The above description is only a preferred embodiment of the present invention, and not intended to limit the scope of the invention, and all equivalent structures or equivalent flow transformations made by using the contents of the specification and drawings, or applied directly or indirectly to other related arts, are included in the scope of the present invention.

Claims

1. A constant current source circuit characterized by: the device comprises a voltage reference circuit, a current generation circuit and an optical isolation negative feedback circuit;

the optical isolation negative feedback circuit is used for feeding back the circuit current in the same direction to the current generation circuit to generate reverse change so as to realize negative feedback; the current generation circuit further comprises a first operational amplifier U1, a second operational amplifier U2, and a third operational amplifier U3;

the positive input end of the first operational amplifier U1 is connected with the output end of the voltage reference circuit, the negative input end of the first operational amplifier U1 is connected with the output end through a capacitor C1, and the negative input end of the first operational amplifier U1 is connected with the positive input end of a second operational amplifier U2 through a resistor R1;

the positive input end of the second operational amplifier U2 is connected with the output end of a second operational amplifier U2 through a resistor R2, and the negative input end of the second operational amplifier U2 is connected with the output end of a second operational amplifier U2 through a resistor R3;

the positive input end of the second operational amplifier U2 and the output end of the first operational amplifier U1 are connected with a resistor R to be tested_X；

The positive input end of the third operational amplifier U3 is connected with the ground through a resistor R5, and the positive input end of the third operational amplifier U3 is connected with the positive input end of the first operational amplifier U1 and the output end of the voltage reference circuit through a resistor R4; the inverting input terminal of the third operational amplifier U3 is connected to ground through an adjustable resistor R6.

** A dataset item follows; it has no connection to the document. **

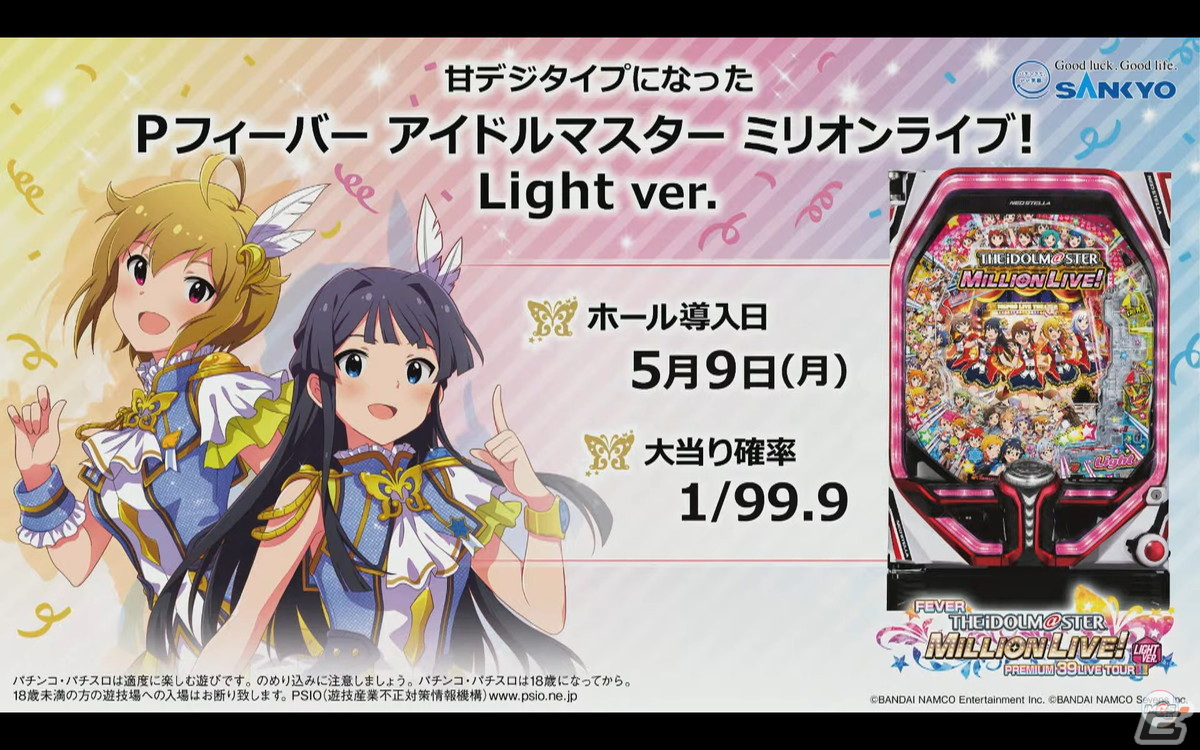 アニメプロローグイメージMVのフルバージョンが初披露！アニメ「アイドルマスター ミリオンライブ！」スペシャルイベント【AnimeJapan 2022】の画像41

2. The constant current source circuit according to claim 1, characterized in that: r2 ═ R3.

3. The constant current source circuit according to claim 2, characterized in that: the current generation circuit further comprises a capacitor C2 and a capacitor C3, and the output end of the third operational amplifier U3 is connected with the inverting input end of the third operational amplifier U3 through the capacitor C2; the output terminal of the second operational amplifier U2 is connected to the inverting input terminal of the second operational amplifier U2 through a capacitor C3.

4. The constant current source circuit according to claim 3, characterized in that: the optical isolation negative feedback circuit comprises a triode Q1, a phototriode U4 and a resistor R7; the base electrode of the triode Q1 is connected with the output end of a third operational amplifier U3, the emitting electrode of the triode Q1 is grounded through a resistor R7, the collecting electrode of the triode Q1 is connected with the negative electrode of the input end of a phototriode U4, and the positive electrode of the input end of a phototriode U4 is connected with a power supply; an emitter of an isolated output end of the phototriode U4 is connected with a reverse input end of the third operational amplifier U3, and an emitter of an isolated output end of the phototriode U4 is grounded through an adjustable resistor R6; the collector of the isolated output of the phototransistor U4 is coupled to the inverting input of a second operational amplifier U2.

5. The constant current source circuit according to claim 1, characterized in that: the voltage reference circuit comprises a voltage reference chip circuit.

6. The constant current source circuit according to claim 5, characterized in that: the resistance testing device further comprises an acquisition circuit, wherein the acquisition circuit is used for acquiring the resistance R to be tested_XThe value of the voltage on.